Closed kirsan31 closed 4 years ago
cc @AaronRobinsonMSFT @jkoritzinsky
@kirsan31 This behavior isn't something we are likely to change since we are officially done with the .NET Framework porting project: dotnet/announcements#130. This is non-consistent behavior with .NET Framework and we can consider this in the future, but ensuring this kind of behavior in a fully xplat manner isn't something we are likely to give high priority.
Is there a specific scenario where this behavior is desired? Perhaps we can provide an alternate approach in addressing the issue.
/cc @jkotas
@AaronRobinsonMSFT
Is there a specific scenario where this behavior is desired? Perhaps we can provide an alternate approach in addressing the issue.
Brief description of our problem: do some action on any crash, before process exit. Or other ppl want to prevent some known crashes due to AV, for example from native call.
Quote from original post:
We are migrating our WinForm apps to core 3.0+. One of the main requirement to our apps is that we must to do some action on exit (regardless of exit type - normal, crash etc). On .net we use
legacyCorruptedStateExceptionsPolicy
andAppDomain.CurrentDomain.UnhandledException
for this. During migration we found that, this not working any more. For winforms bugs, for example.
And the answer was:
we have not introduced any API for reporting fatal crashes yet. So you are still left with the
COMPlus_legacyCorruptedStateExceptionsPolicy=1
as a temporary workaround.
And now we see, that even this approach is not working at all cases :(
Note that there is an internal contract violation in coreclr.dll, which is worth fixing anyway. Depending on how you fix it (e.g., by removing the IsIPInModule(g_pMSCorEE, ip)
condition in https://github.com/dotnet/coreclr/blob/ed5dc831b09a0bfed76ddad684008bebc86ab2f0/src/vm/excep.cpp#L7508-L7510 — speculating here), the original issue may be fixed automatically. It affects not only Marshal.StructureToPtr
, but everything that ends up calling memcpyNoGCRefs
or other VC Runtime helpers, which are now statically linked.
@AntonLapounov It would require more than IsIPInModule(g_pMSCorEE, ip)
because in non-local GC the GCHeapUtilities::GetGCModule()
call also returns coreclr.dll
. I am not sure how we should address this in general. As mentioned this really isn't interop specific, although it would seem to impact interop a great deal, but rather a contradiction/violation in the exception handling logic.
I don't have a strong opinion here about how the exception logic should or should not be updated. I will say that from an interop perspective catching any A/V should be discourage since the entire state of the runtime is in question.

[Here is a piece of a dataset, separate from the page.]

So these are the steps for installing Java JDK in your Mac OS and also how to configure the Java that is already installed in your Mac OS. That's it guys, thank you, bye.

I would like to hear from @janvorli or @jkotas about what they want here. I have a fix locally so it isn't too much of an issue other than the tactical decision to permit these kind of scenarios.
/cc @sergiy-k
The EH works with the assumption that hardware exceptions should be allowed to translate to managed exceptions (like NullReferenceException, etc) only in managed code or in a small number of specific places in the native parts of the runtime - in asm helpers that run on behalf of the managed code (like GC write barriers). For these helpers, we pretend the exception happened in the managed caller at the call site. On Windows only, these exceptions are also allowed to leak from external dlls.
There is also a holder AVInRuntimeImplOkayHolder which allows AVs in parts of code guarded by that holder to be handled in the native code and not shoot down the runtime. Besides the debugger code, there are only 26 occurences of that holder in the runtime at very specific places. And this holder has an effect only on Windows.

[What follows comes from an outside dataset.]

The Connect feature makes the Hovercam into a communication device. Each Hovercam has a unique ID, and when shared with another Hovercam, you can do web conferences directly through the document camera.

Hardware exceptions happening anywhere else in the runtime / gc lead to FailFast, since they mean a corrupted state where attempting to handle them could possibly lead to even worse consequences. We may be able to handle the specific case of problematic static linking of MoveSmall into coreclr by adding the AVInRuntimeImplOkayHolder into the memcpyNoGCRefs, but I am not sure about the performance consequences.
Hardware exceptions happening in external native dlls are supposed to be handled inside of those dlls, since the runtime has no idea whether such exceptions are allowed to happen there or not. But in case a hardware exception occurs in an external dll, it is not handled in there and leaks into our runtime, we try to handle it, but only on Windows.
One of the main requirement to our apps is that we must to do some action on exit (regardless of exit type - normal, crash etc).
The only reliable way to do this is to start a second watchdog process when you app starts, and does the action when it sees that the app exited.
And now we see, that even this approach is not working at all cases :(
It did not work in all cases in .NET Framework either.
@jkotas
The only reliable way to do this is to start a second watchdog process when you app starts, and does the action when it sees that the app exited.
Yea, we definitely will do this way.
It did not work in all cases in .NET Framework either.
Of course, but on practice for about 15 yeas we didn't see one. But I agree that this is not a substantive conversation already.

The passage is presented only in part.